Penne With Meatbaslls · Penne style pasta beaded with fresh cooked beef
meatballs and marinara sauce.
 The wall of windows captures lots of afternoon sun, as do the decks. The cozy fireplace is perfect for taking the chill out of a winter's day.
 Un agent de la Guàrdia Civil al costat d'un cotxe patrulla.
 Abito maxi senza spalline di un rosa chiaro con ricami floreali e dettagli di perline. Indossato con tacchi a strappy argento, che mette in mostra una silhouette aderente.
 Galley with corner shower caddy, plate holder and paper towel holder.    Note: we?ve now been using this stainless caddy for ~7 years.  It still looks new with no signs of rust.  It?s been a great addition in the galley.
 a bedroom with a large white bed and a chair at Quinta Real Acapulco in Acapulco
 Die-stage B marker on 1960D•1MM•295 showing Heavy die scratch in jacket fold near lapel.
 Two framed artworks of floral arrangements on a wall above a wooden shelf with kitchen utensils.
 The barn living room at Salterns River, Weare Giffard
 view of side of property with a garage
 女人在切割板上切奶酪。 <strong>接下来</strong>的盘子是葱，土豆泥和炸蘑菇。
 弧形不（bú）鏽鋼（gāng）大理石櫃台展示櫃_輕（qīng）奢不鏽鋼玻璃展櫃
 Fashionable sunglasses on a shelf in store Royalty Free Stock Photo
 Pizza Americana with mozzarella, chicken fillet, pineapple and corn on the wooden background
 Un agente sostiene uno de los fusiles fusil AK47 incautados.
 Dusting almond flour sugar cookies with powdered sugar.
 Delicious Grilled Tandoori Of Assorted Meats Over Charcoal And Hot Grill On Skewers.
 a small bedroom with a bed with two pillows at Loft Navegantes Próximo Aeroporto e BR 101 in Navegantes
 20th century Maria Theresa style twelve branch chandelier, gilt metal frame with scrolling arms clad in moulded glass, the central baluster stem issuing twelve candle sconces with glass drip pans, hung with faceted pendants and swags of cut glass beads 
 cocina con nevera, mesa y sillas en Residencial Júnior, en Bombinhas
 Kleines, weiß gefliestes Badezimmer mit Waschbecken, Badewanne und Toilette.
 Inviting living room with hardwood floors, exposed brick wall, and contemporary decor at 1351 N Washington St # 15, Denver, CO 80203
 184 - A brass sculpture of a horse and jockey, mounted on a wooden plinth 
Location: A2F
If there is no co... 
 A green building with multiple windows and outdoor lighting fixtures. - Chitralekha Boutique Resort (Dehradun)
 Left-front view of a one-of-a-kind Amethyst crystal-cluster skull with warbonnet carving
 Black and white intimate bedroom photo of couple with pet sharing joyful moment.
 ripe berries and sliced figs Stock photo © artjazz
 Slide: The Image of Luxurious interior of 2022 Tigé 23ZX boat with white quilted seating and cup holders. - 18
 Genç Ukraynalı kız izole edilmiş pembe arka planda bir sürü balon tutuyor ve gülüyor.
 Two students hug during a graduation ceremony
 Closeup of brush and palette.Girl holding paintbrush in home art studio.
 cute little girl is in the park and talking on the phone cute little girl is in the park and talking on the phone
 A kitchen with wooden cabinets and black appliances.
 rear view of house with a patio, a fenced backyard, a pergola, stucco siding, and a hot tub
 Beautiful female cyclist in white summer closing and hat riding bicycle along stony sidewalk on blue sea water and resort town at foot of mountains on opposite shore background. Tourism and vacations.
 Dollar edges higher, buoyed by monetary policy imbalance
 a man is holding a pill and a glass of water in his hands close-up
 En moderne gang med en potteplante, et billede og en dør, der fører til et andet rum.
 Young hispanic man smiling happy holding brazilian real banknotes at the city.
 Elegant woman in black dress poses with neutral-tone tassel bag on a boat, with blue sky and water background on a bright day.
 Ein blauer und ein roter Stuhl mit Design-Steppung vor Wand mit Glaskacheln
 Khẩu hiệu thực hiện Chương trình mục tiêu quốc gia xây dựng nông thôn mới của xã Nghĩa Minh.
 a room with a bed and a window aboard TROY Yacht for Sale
§
## [Exercise requirements]
Reproduce word for word the lines of the records above, beginning at the first and ending with the line where "Un agent de" appears, and nothing past it.

## [Written response]
Penne With Meatbaslls · Penne style pasta beaded with fresh cooked beef
meatballs and marinara sauce.
 The wall of windows captures lots of afternoon sun, as do the decks. The cozy fireplace is perfect for taking the chill out of a winter's day.
 Un agent de la Guàrdia Civil al costat d'un cotxe patrulla.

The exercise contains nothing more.